Righteous Indignation, called.


And Will responded, “Oh, how a comma says so much.”

That got me thinking, too. People treat punctuation so off-handedly, yet punctuation is as much a tool of communication as are words. And no punctuation mark is more simple yet speaks more complexly than the comma.

The comma commands order in a series. It separates warring clauses. Just as important, it announces an introductory phrase, says farewell to the concluding phrase, too.  The comma hands us off in a letter greeting or conclusion, and sets off parts of a whole such as location or time.

You won’t see these many diverse roles for the period, the exclamation point, or the question mark – let alone the colon, semi-colon, slash, or dash!

Yet no mark is as misunderstood, misused, abused, or underused as the comma. I once accused someone on a corporate approval route of using a comma shaker when reviewing copy, because he seemed to indiscriminately add commas, and then I couldn’t make any sense out of many of them. One of our publication editors even added commas of her own, in an attempt to provide some consistency between all the writers and reviewers. Oh, the humanity! Among writers, these just bred confusion.

I got into a discussion with someone on Twitter recently about punctuation that indicates a “pause.” She felt nothing was adequately enough understood by readers to handle the job, including the comma, the ellipsis, or any of the dashes. I pointed out that in print, all had been well established over many tens to hundreds of years for their various purposes and variations of pauses, but she insisted that today’s reader can’t know what is in the writer’s mind by these punctuation marks. I think they can, if they are used and edited consistently.

That is why I still favor the Oxford (or serial) comma. Yes, I know, often you can deduce the meaning without using that final comma, but the goal of the writer and editor aren’t to leave a question in the mind of the reader but to be clear. Leave the questions for the poets and philosophers. Our purpose as editors, in particular, is to be clear. Thus, except in the case where I am trying to fit a house style in which they already follow the no-Oxford rule, I refuse not to use the Oxford comma. I nurture a passion for commas.

Yes, Will, “a comma says so much.” And we as editors owe it to our readers to give voice to those commas so that our readers may clearly hear.

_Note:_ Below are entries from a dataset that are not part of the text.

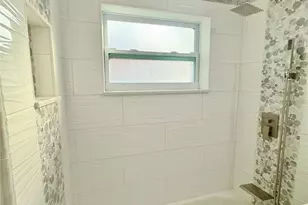 1557 Robinson Dr N, Saint Petersburg, FL 33710 - Photo 21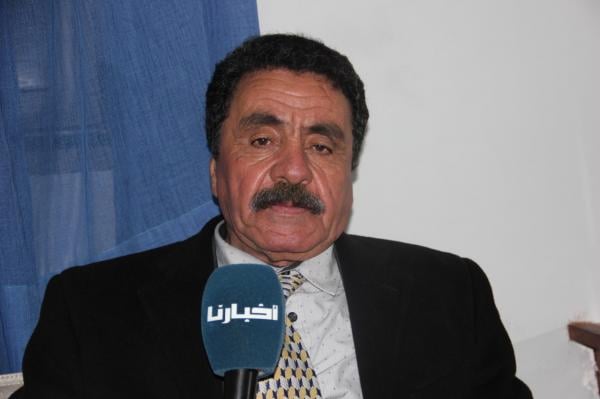 ثنائي "التيقار" حول غيابه عن التلفزة المغربية: عيطولي نمشي نخدم معيطوليش الدنيا هانية ماشي نهاية العالم (فيديو)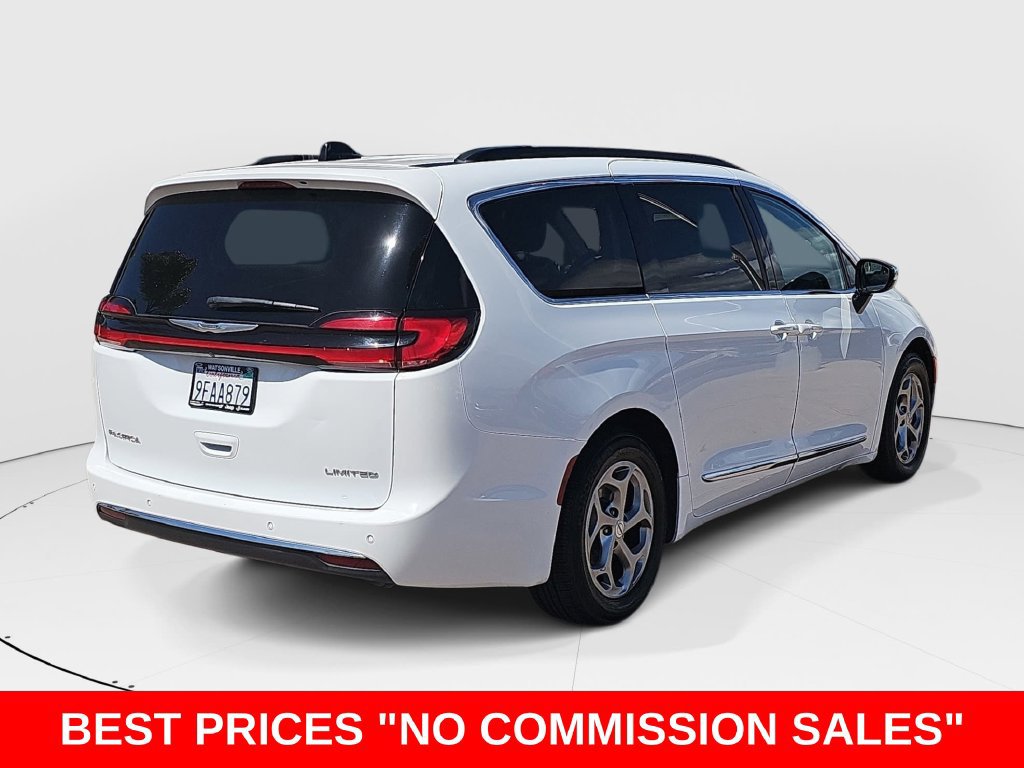 Used 2023 Chrysler Pacifica Limited FWD image 3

8 thoughts on “A Passion for Commas

  1. “She felt nothing was adequately enough understood by readers to handle the job, including the comma, the ellipsis, or any of the dashes” – so she beleived that no-one understands ANY punctuation at all?

    Hooray! We’ll leave it all out then.

    • I wouldn’t go on her word. She wanted to invent a new punctuation mark (actually, a combination of marks). I tried to explain that everything was covered and that readers understood through context what writers meant, but she was intent on coming up with a new mark. And, again, this had to do with indicating pauses, not all punctuation.

      As I finally said to her, “Give it a try and see how it works out.” If you feel you can communicate adequately without punctuation, that’s up to you.

      • Ahhh, inventing a new punctuation mark. What an excellent idea. That will help the readers who don’t know the ones in use for all these years.

      • I’m sorry, Phil, I didn’t see that you had replied again. Yes, my hope was this person, intent on going her own way, would try it and fail, then stop messing around with it. It’s hard enough for most people to remember the punctuation that already exists, they certainly won’t adopt an arbitrary new one.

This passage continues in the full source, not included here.